The concept is premised on three ideas: that betting on money can get uncomfortable between friends, betting with no stakes isn’t interesting, and that a sufficient number of people who like the exhilaration of betting would put enough worth on how people see them in social circles to use this app.
Intriguingly, Besst also claims that it can help self-improvement through betting, as “formalization and social accountability of goals improves achievement,” a suddenly sombre and laden claim made on otherwise remarkably light and fun website.

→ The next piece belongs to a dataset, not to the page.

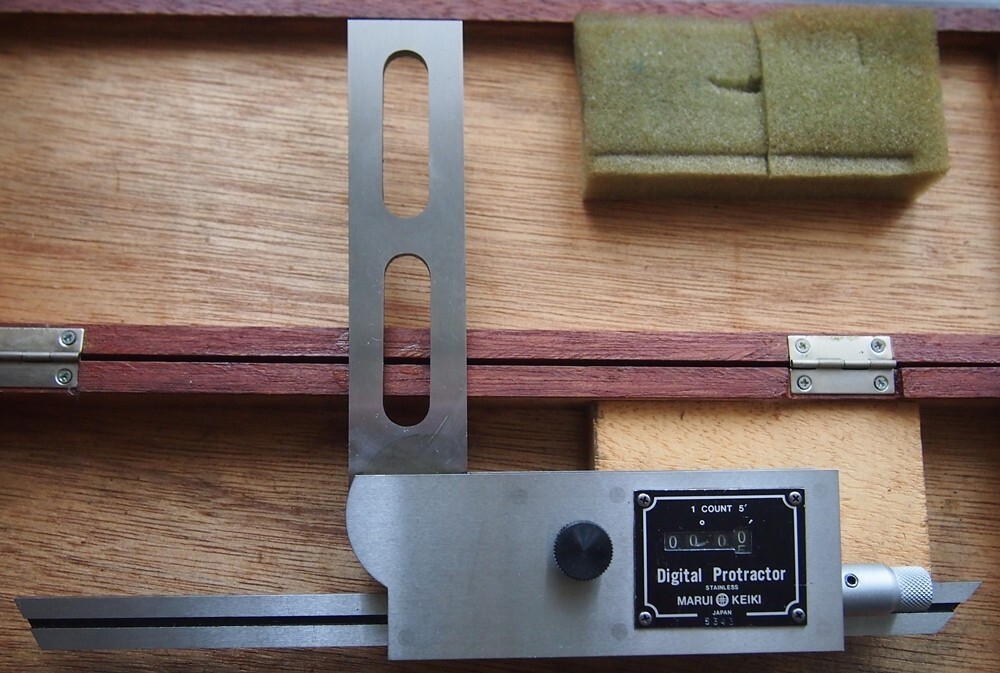 Marui Keiki Digital Protractor DP-601 1 DIV=5' Set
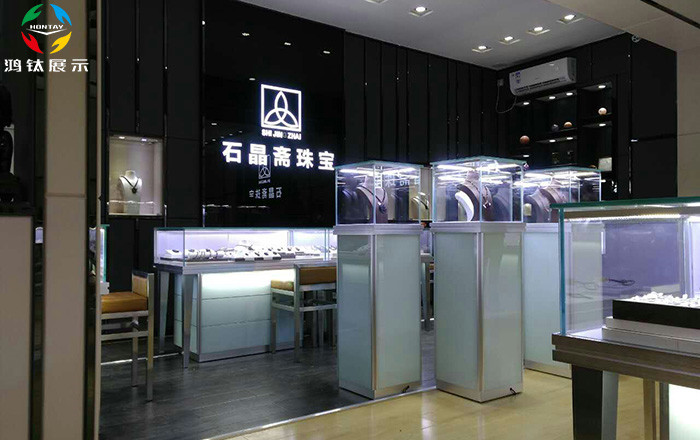 網(wǎng)購珠寶展示柜臺(tái)的益處與弊端！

The app also lets you connect with your Facebook, Google and other social media accounts, allowing you to share your results, and challenge people in your existing networks (also necessitating that they get on the app).
Who is Besst?
The betting app’s About page informs you that the co-founders, college sophomores Spencer Gordon-Sand and Linda Chen, grew up together, considered each other “mortal enemies until high school” because of a “dispute over Pokemon trading cards in 2nd grade,” after which they decided to “put aside their differences and ended up becoming best friends.”

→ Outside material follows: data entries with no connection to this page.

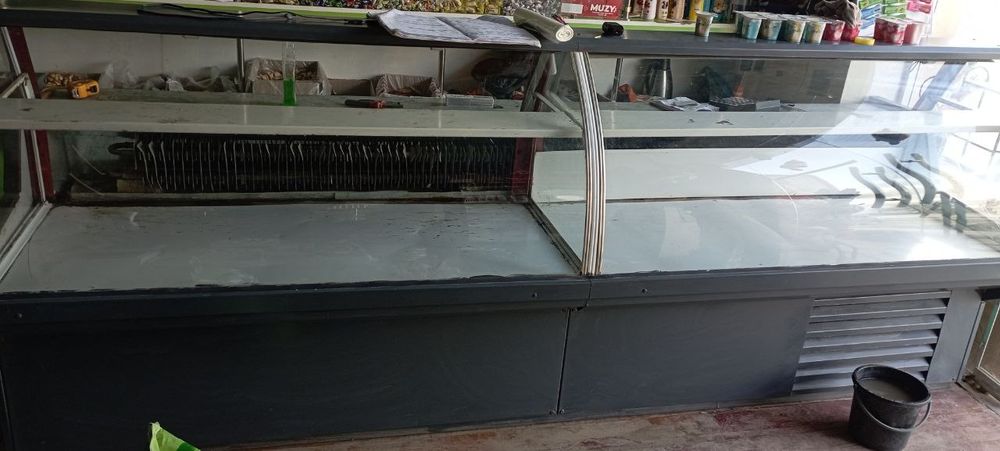 Uzunligi 3 metr Haladilnk narxi 3 mln Navoiy viloyati navbahor tuman.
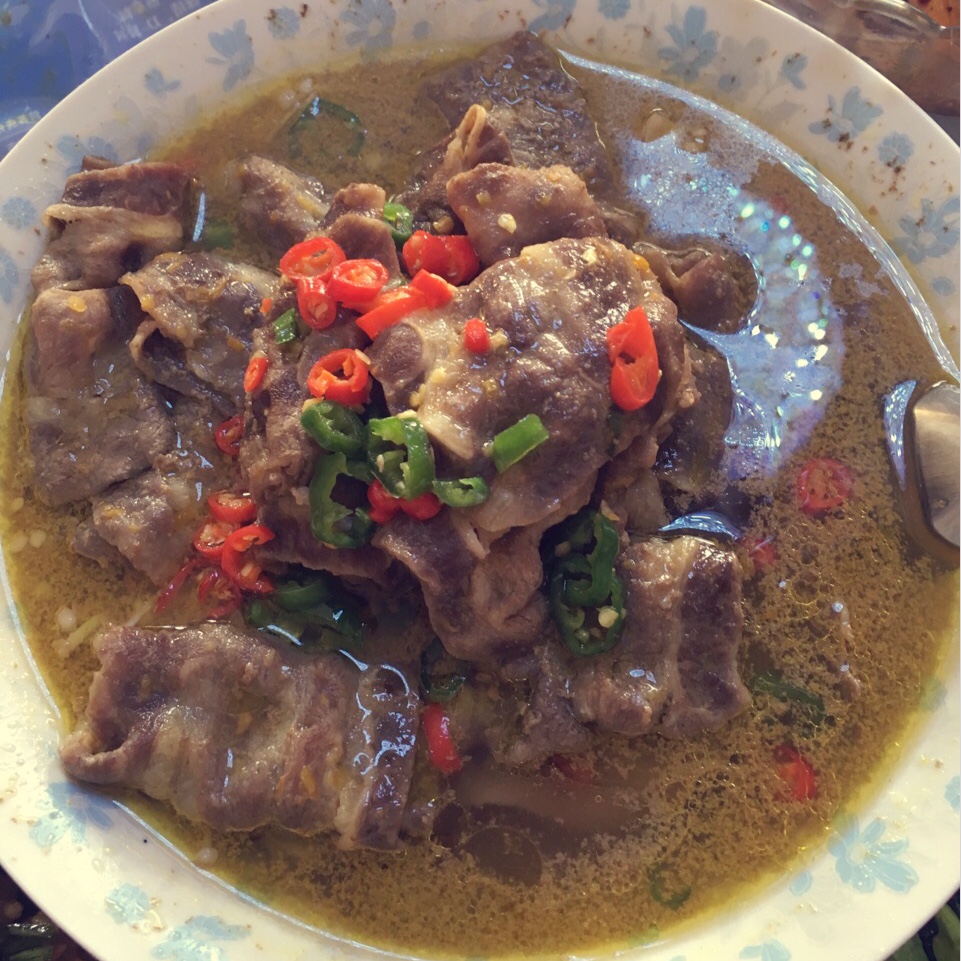 酸汤肥牛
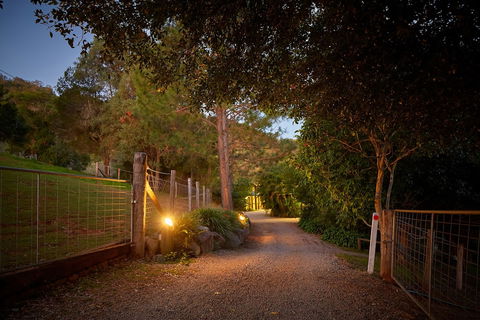 Dayboro Cottages & Llama Walks - Flights 1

CEO and former Team USA fencer Spencer Gordon-Sand is currently an Economics student at the University of Chicago, while Boston College sophomore and Besst CTO Linda Chen has previously interned at JP Morgan Chase, and is the founder of student-oriented app, Mac Daddy, that helps students on campuses meet for meals.
Despite, or perhaps because, of their unmistakably youthful vibe and target audience, the app, launched in May 2018, has already caught the interest of Forbes (one of the chosen 50 out of 3000 applicants who were selected to present their idea at the Forbes 30 under 30 summit at Boston in late September and early October), Builtin Chicago (who in November named them one of the 5 recently launched Chicago startups you need to know), and entrepreneurship journal Chicago Inno, which named co-founder Spencer one of Chicago’s 25 Under 25 to look out for.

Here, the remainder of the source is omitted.